How We Can Win

As usual a good part of my summer relaxation was reading. While on vacation in the Spectacular Northwest Territories I indulged in fiction (Neil Gaiman who is a favourite of mine, Jo Nesbo for spare Nordic crime stories and a Young Adult book “Gregor, the Overlander” from my stepson) as during the year I read mainly non-fiction. My family knows that I love books, so I try to make gift giving easy by having “Wanted Reading” lists prominently posted. One book that I got for Christmas and have been itching to read was Anthony Lacavera’s “How We Can Win – And what happens to us and our country if we don’t” which I finally got to read !

This book is a call for action for all Canadians to Dare to Succeed, to apply the same lessons that we learned in Olympic medal success with our Own the Podium program to our business and economic life. He argues that our future prosperity, and being able to afford all the things we value as Canadians, our social safety net, universal health care, our high quality education system are all dependent on us changing our beliefs and then acting on improving our productivity, innovation and competitiveness. Especially our international competitiveness.

I was lucky enough to have met Anthony Lacavera once in the past, back when Globealive had bought Yak, around 2008. He was very smart, friendly and engaging. Plus I have heard him speak at the Canadian Telecom Summit many times when he was running WIND, the scrappy cellphone company that was challenging the Bell/Telus/Rogers mobile oligopoly . As my entire career in telecom has been on the competitive side, cutting my teeth during the Long Distance wars back in the early 1990’s I was really anticipating reading the WIND story and learning more details about what actually happened.

The entire first chapter is devoted to WIND and its various trials and tribulations. Some of the anti-competitive roadblocks that WIND ran into challenging the incumbents sounded very familiar. The oligopoly does not play fair when their protected position is threatened. The Federal government and the regulator allow this. Lacavera presents it all as Exhibit A of why our business culture here in Canada has to change if we are to succeed as a nation. Our telecom sector is coddled, not required to compete against the best in the world, and hence our other businesses, enterprises and citizens overpay for substandard services. And since telecom services are THE key input in an information economy it hampers all other sectors ability to innovate, compete and be productive.

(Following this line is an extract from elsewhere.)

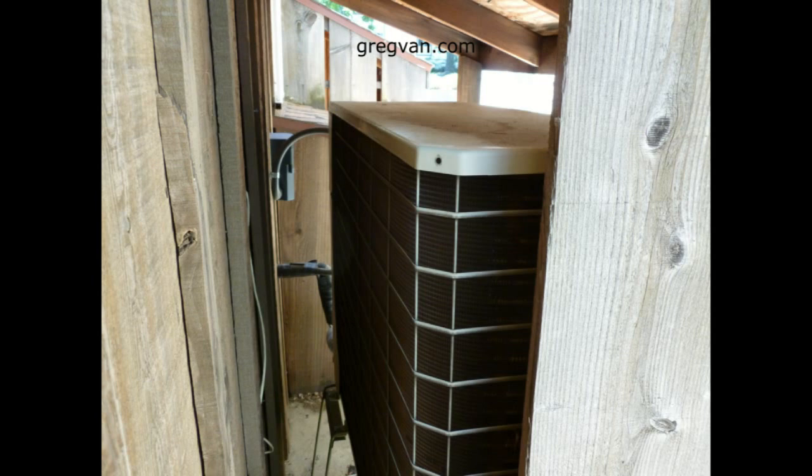You can see right here that the condenser is at least nine inches away from the back of the unit to the building, so the installer probably knew what they were doing. But the installer of the condenser and the AC unit probably wasn't the same person who built the little shed over it.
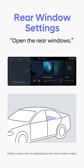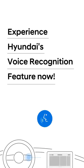In addition, you can open and close the rear windows with voice commands. Experience various voice recognition functions.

Lacavera then proceeds to highlight in subsequent chapters other factors that are holding back Canadians in winning in the global marketplace. He highlights our attitudes and belief systems , the Canadian mentality to “Go for Bronze” or a participation award rather then aiming to win big, as if wanting to come first was “Un Canadian”. The lack of funding available to high growth startups, from angel investors and from venture capital which is much harder to get in Canada. Highly touted Government R&D and innovation programs are designed to maximize political gains and spread large amounts of money around the country, often ineffectively. There is no true policy for identifying sectors or companies that show true promise of being disrupters that can be scaled to tackle global markets.

We have seen some of these arguments before in various studies and expert panels that the Federal government commissions and then ignores or only partially implements. The book does a good job of integrating many of them such as the Jenkins panel in 2011, Naylor in 2015, Wilson in 2008. The book brings all of these and more into one cohernet call for action, not just for government but for all of us.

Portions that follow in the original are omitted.